Foto: Agência Brasil

A Polícia Federal deflagrou, na manhã desta quarta-feira (15), a Operação Slots para desarticular um grupo suspeito de lavar dinheiro por meio de plataformas ilegais de apostas esportivas. Como parte da ação, a Justiça determinou o bloqueio de R$ 951 milhões em bens e valores vinculados aos investigados.

Ao todo, foram cumpridos 14 mandados de busca e apreensão e dois de prisão temporária nos estados do Espírito Santo, São Paulo, Rio de Janeiro, Paraná, Paraíba e Sergipe. 

Entre os alvos estão dois influenciadores digitais capixabas.

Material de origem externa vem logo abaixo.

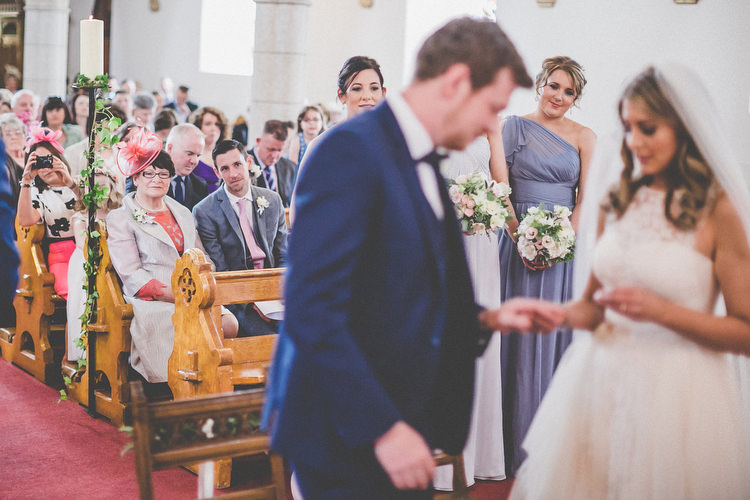 Chilled Stylish Countryside Wedding http://mementophotography.ie/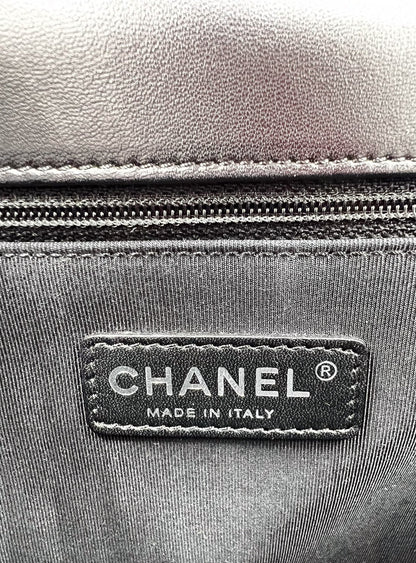 BOLSO DE HOMBRO NIÑO GRANDE DE PIEL DE CORDERO ACOLCHADO CON SOLAPA BICOLOR CHANEL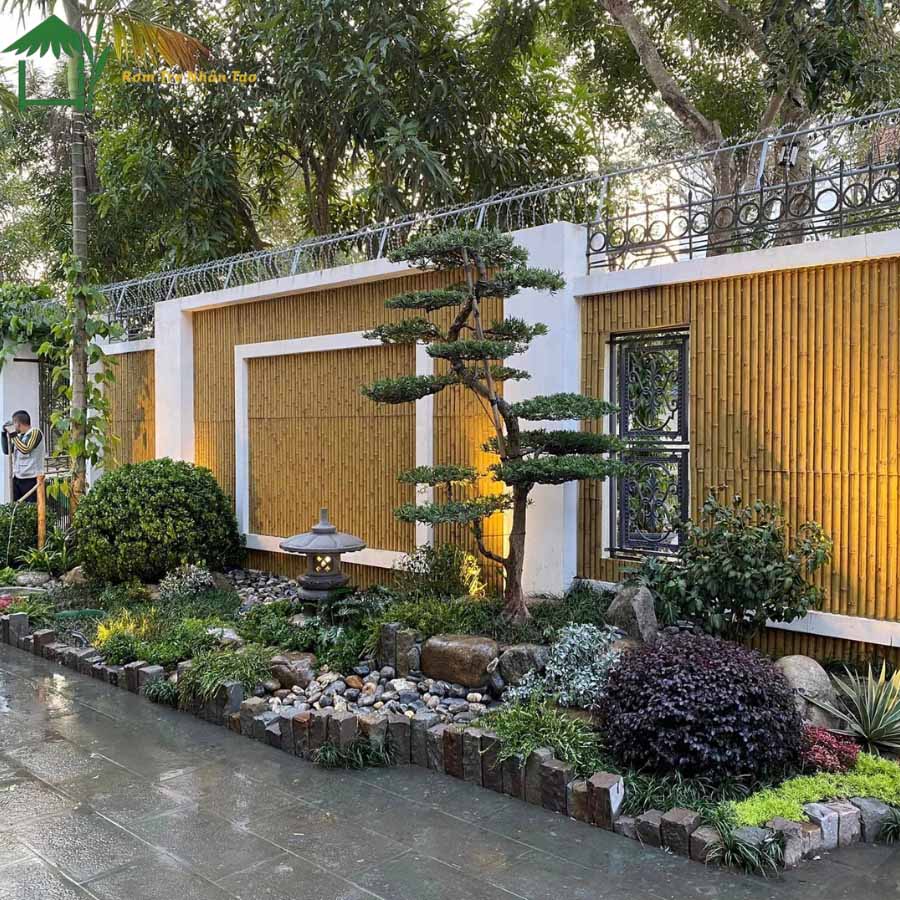 Tấm tre nhân tạo làm nổi bật không gian vườn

Uma influenciadora foi presa, enquanto o marido dela ainda não havia sido localizado até a última atualização.

A organização é suspeita de lavar dinheiro a partir de empresas de fachada, plataformas ilegais de apostas de quota fixa e mecanismos financeiros destinados à ocultação e dissimulação da origem ilícita dos recursos.

A investigação começou por meio de elementos informativos que apontavam para a possível prática de lavagem de dinheiro do tráfico de drogas.

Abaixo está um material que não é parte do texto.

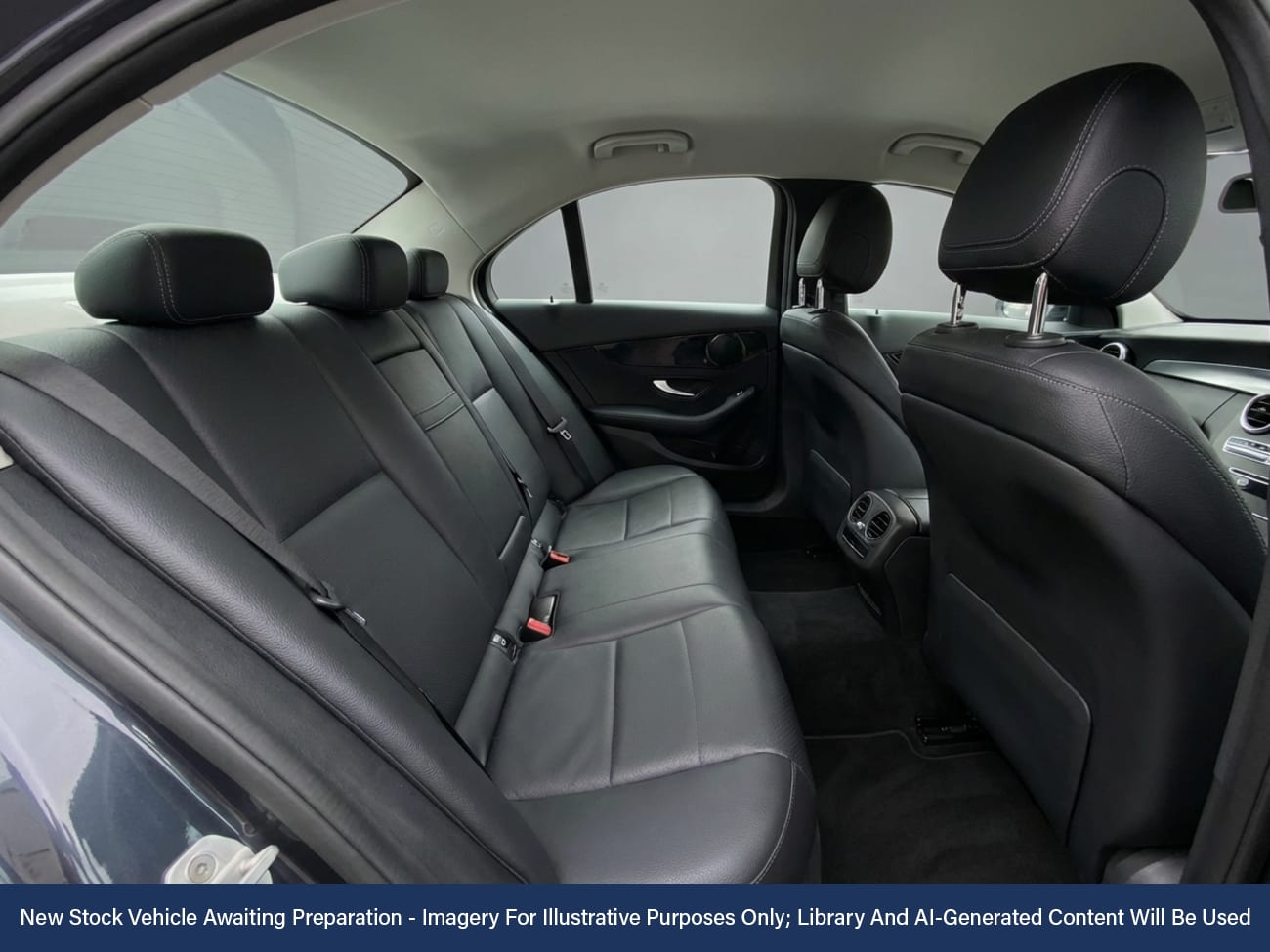 Used Mercedes-Benz C Class 2016 for sale - 77742180: Photo 4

De acordo com os investigadores, influenciadores digitais eram responsáveis por divulgar os sites irregulares, enquanto empresas intermediadoras processavam os pagamentos e distribuíam os recursos obtidos com a atividade ilegal. 

As apurações apontam que as 11 empresas investigadas atuavam de forma organizada, divididas em três grupos com funções específicas, incluindo a alteração constante de links e endereços eletrônicos para dificultar a fiscalização.

Ainda segundo a investigação, as plataformas promovidas pelo grupo operavam sem autorização no Brasil e utilizavam indevidamente símbolos e referências visuais do Sistema de Gestão de Apostas (SIGAP), do Ministério da Fazenda, e do Conselho Nacional de Autorregulamentação Publicitária (Conar), criando uma falsa impressão de legalidade para os usuários.

Além do bloqueio dos valores, também foi autorizado o sequestro de um imóvel de alto padrão e veículos de luxo, da proibição de divulgação de plataformas de apostas irregulares pelos investigados e da suspensão das atividades das empresas investigadas.